Hong Kong computer electronics manufacturer PC Partner Group, a large assembler of graphics cards using Nvidia chips, has become the latest company to scale back from mainland China amid intensifying tech supply chain pressure.
The company said in a statement on Friday that it has relocated its headquarters to Singapore and made a secondary listing on the city state’s exchange, with the goal of expanding research and development (R&D) and manufacturing in Southeast Asia. It started operating a new factory in Indonesia last week.
PC Partner, which was founded in 1997, is choosing to relocate at a time when many multinational businesses are under pressure to scale back business ties in China, a casualty of geopolitical tensions with the US. US president-elect Donald Trump has threatened to impose 60 per cent tariffs on Chinese products when he returns to the White House in January. It is also expected to become harder for China-based businesses to access advanced semiconductor components.

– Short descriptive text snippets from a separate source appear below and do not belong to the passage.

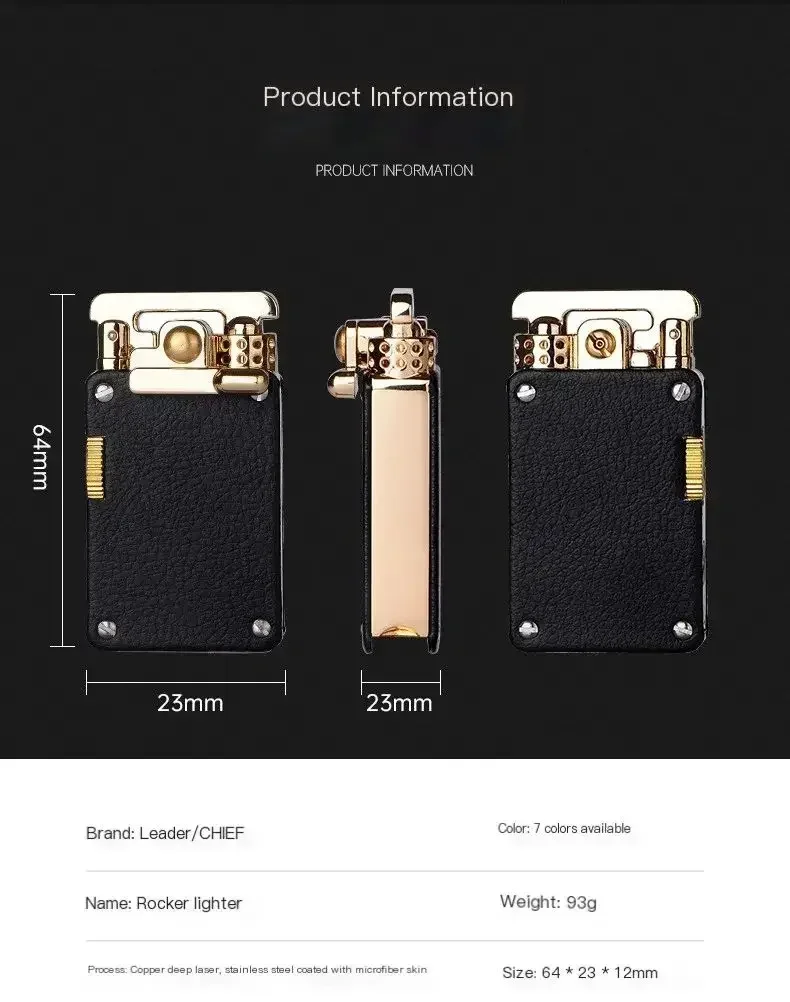 CHIEF-Rocker Kerosene Lighter Rare Windproof Old Vintage Smoking Liquid Lighter Creative Personalized Gift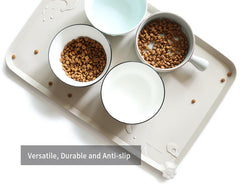 Hoki Found L silicone pet food mat pictured for travel and effortless cleaning
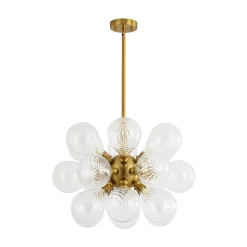 18-Light Cluster Ribbed Glass Globe Bubble Chandelier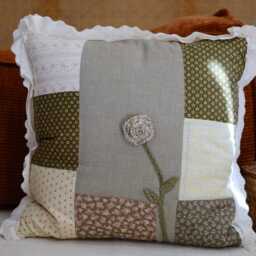 Convertible Pillow Blanket With Handmade Fabric Rose - thumbnail 4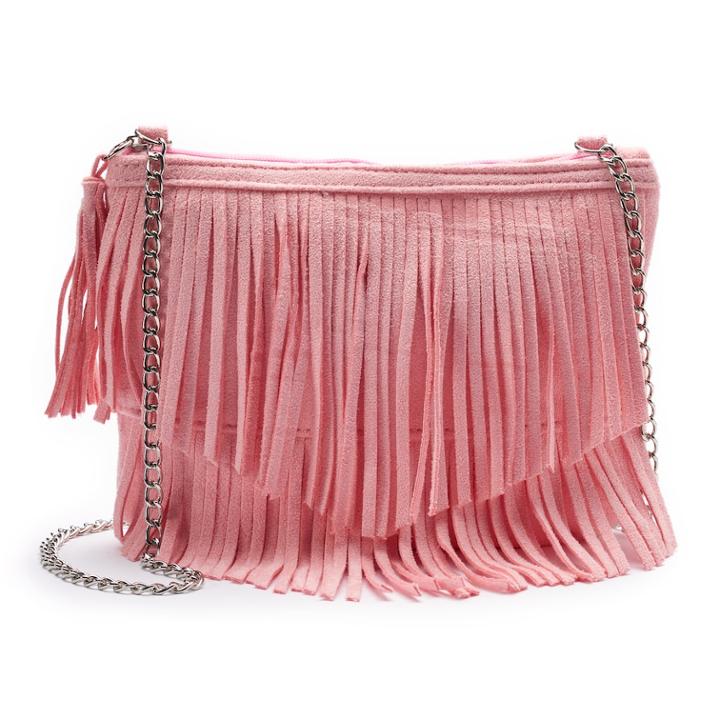 Girls 4-16 Elli By Capelli Faux-suede Fringe Crossbody Purse, Pink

Nvidia is restricted from exporting its most advanced chips – including its consumer-grade flagship graphics processing unit (GPU), the GeForce RTX 4090 – to Chinese clients. Nvidia is expected to launch its next-generation 50-series GPUs at the CES electronics trade show in Las Vegas in January.
PC Partner is an assembler of a variety of video gaming hardware, selling its products under the brands of ZOTAC, Inno3D and Manli. The company also provides manufacturing services to other brands.